[Scraped caption text data]
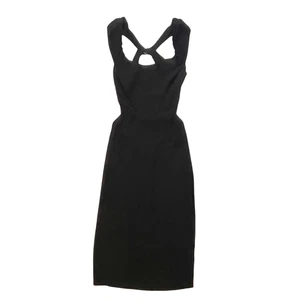 Reformation Midikleid mit offenem Rücken - schwarz - Größe S - Bild 1 von 5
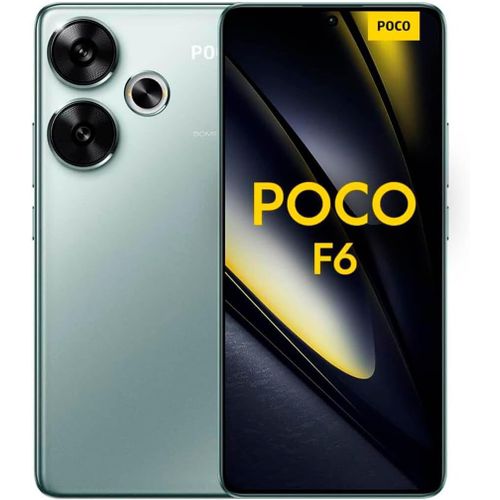 KGABERY-Poco F6 5G 8Go/256Go Vert (Green) Double Sim
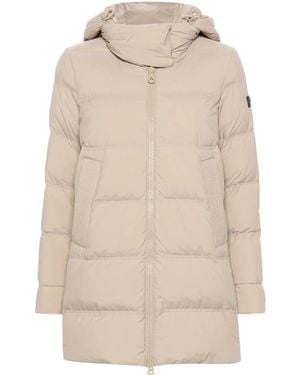 Peuterey Unix Ml Bmat Down Jacket - Natural
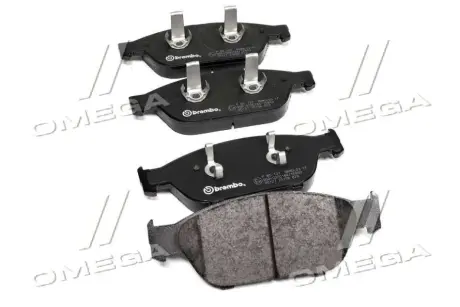 Гальмівні колодки BREMBO P85 127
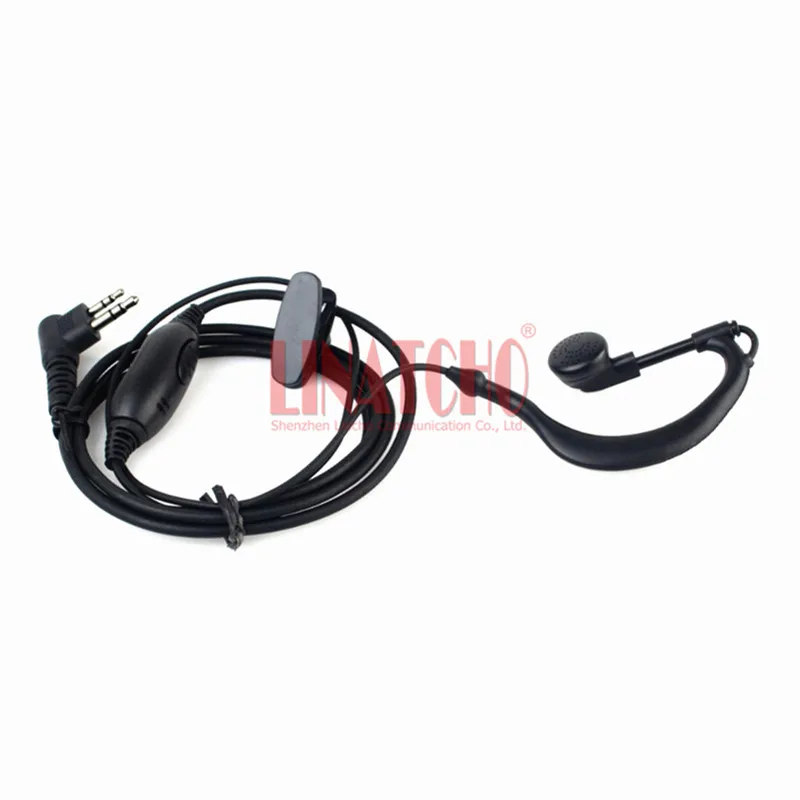 

PTT microphone TC-500-TC-518-TC-600 walkie talkie ear hook earphone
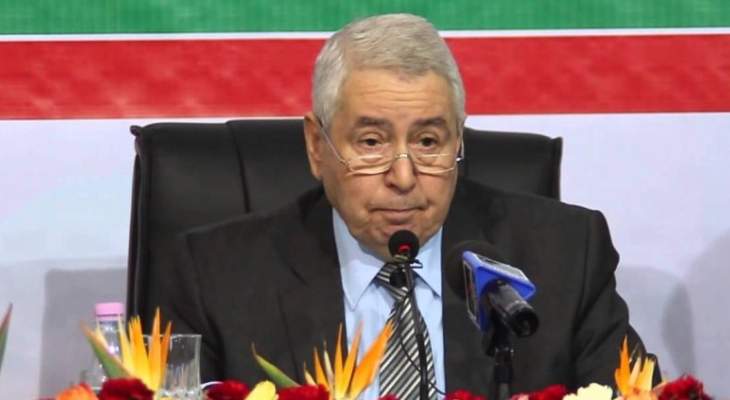 قناة جزائرية: رئيس مجلس الأمة سيتولى منصب القائم بأعمال الرئيس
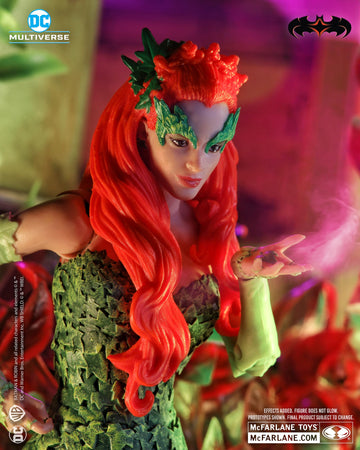 McFarlane Toys - DC Multiverse Poison Ivy (Batman & Robin) 7in Build-A Figure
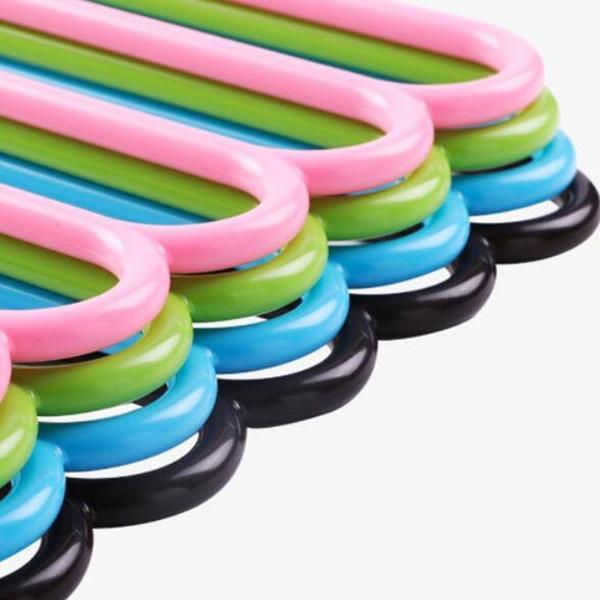 Clothing Organiser - 5 in 1 Multipurpose Hanger - Assorted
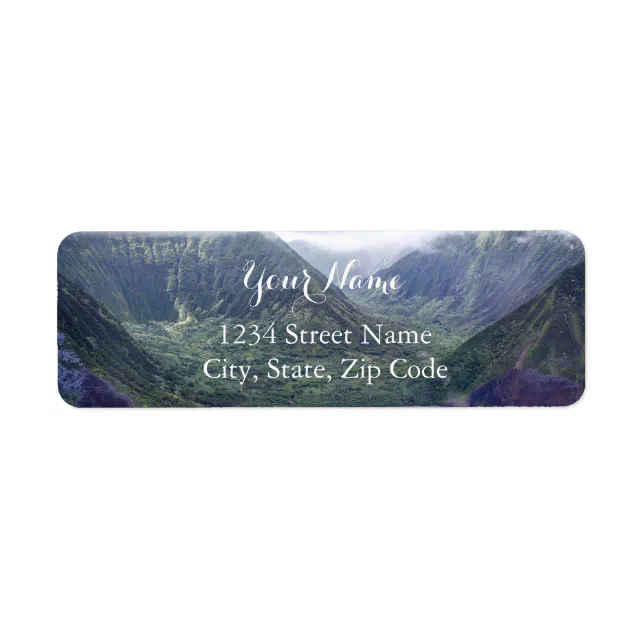 Hidden Hawaii Address Labels Zazzle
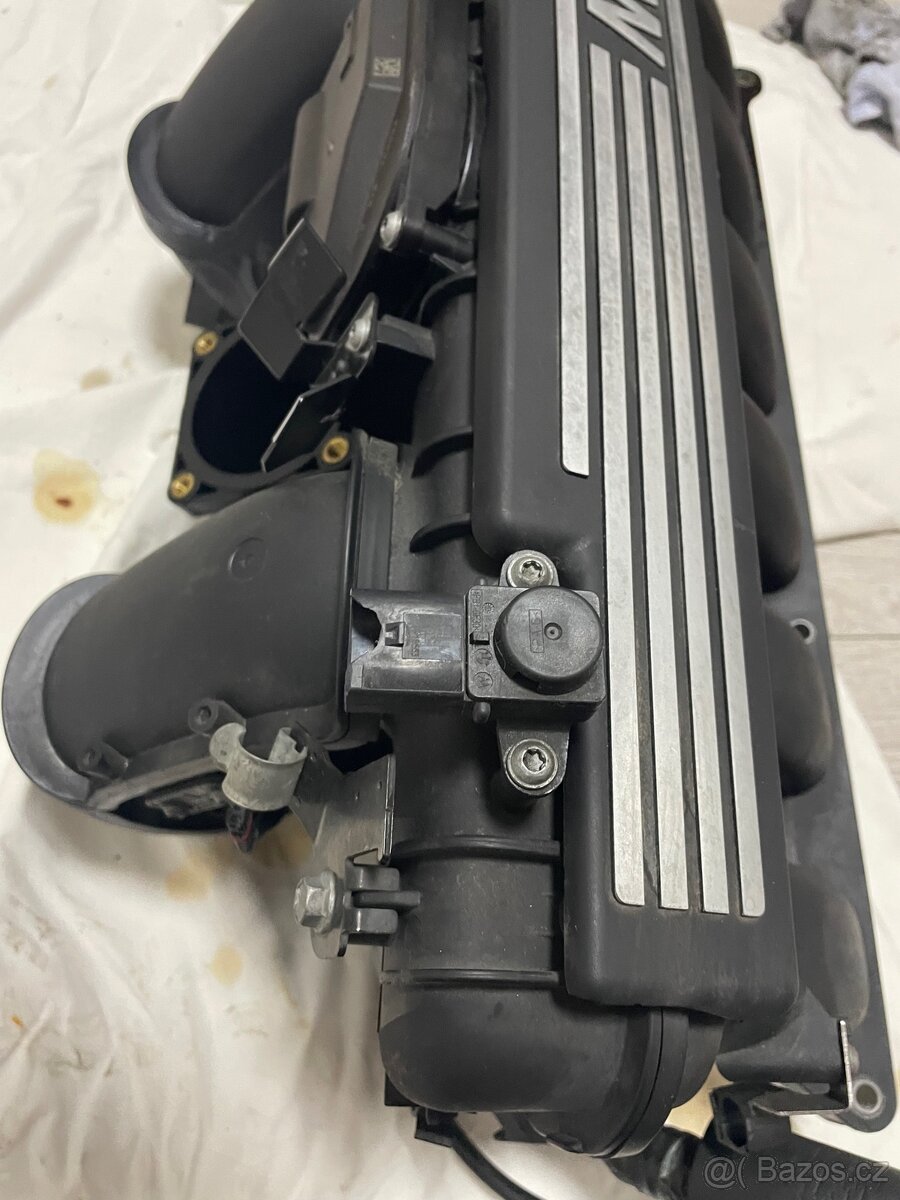 BMW N52 Sání - 3stage 2x DISA - 4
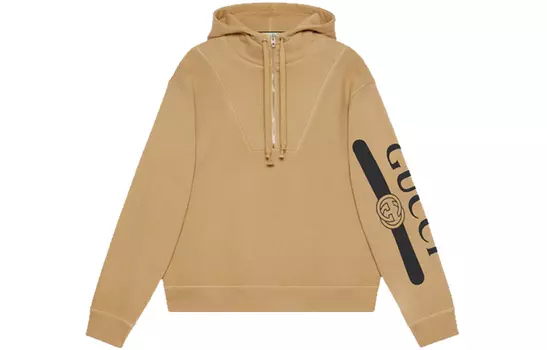 Толстовка мужская Gucci, бежевый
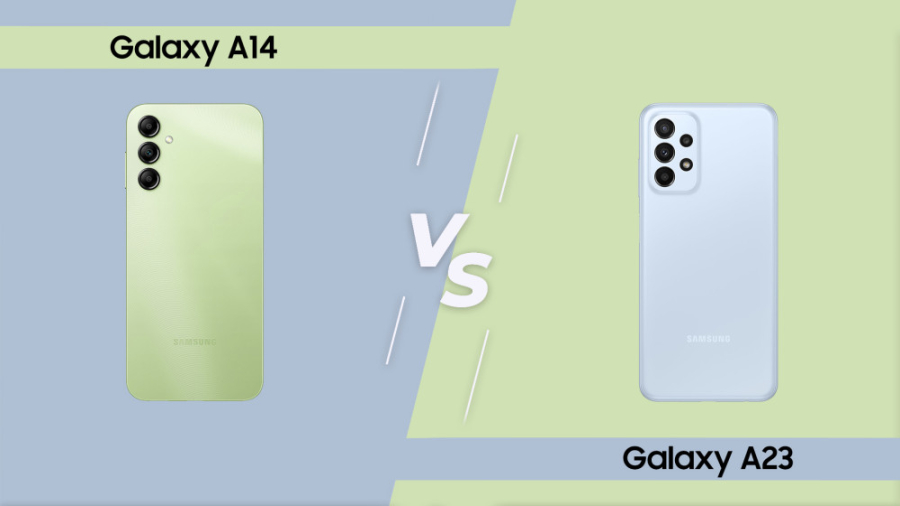 مقایسه سامسونگ گلکسی ای ۱۴ و ا...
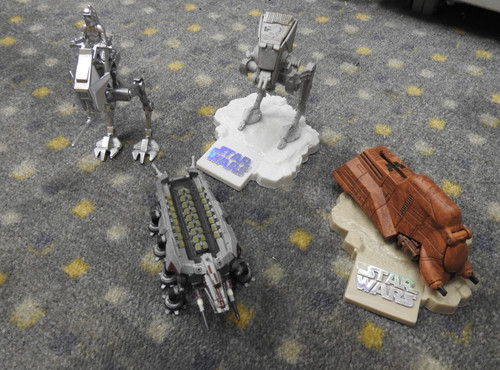 Star wars titan - titan, serie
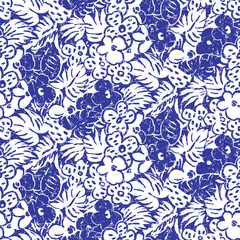 Seamless and impressive cute floral pattern,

* _Exercise requirements_:
Copy nothing but the lines from the start of the entries through the line with "BMW N52 Sání - 3stage 2x DISA - 4". Write them out exactly, without pictures.

* _Finished task_:
 Reformation Midikleid mit offenem Rücken - schwarz - Größe S - Bild 1 von 5
 KGABERY-Poco F6 5G 8Go/256Go Vert (Green) Double Sim
 Peuterey Unix Ml Bmat Down Jacket - Natural
 Гальмівні колодки BREMBO P85 127

PTT microphone TC-500-TC-518-TC-600 walkie talkie ear hook earphone
 قناة جزائرية: رئيس مجلس الأمة سيتولى منصب القائم بأعمال الرئيس
 McFarlane Toys - DC Multiverse Poison Ivy (Batman & Robin) 7in Build-A Figure
 Clothing Organiser - 5 in 1 Multipurpose Hanger - Assorted
 Hidden Hawaii Address Labels Zazzle
 BMW N52 Sání - 3stage 2x DISA - 4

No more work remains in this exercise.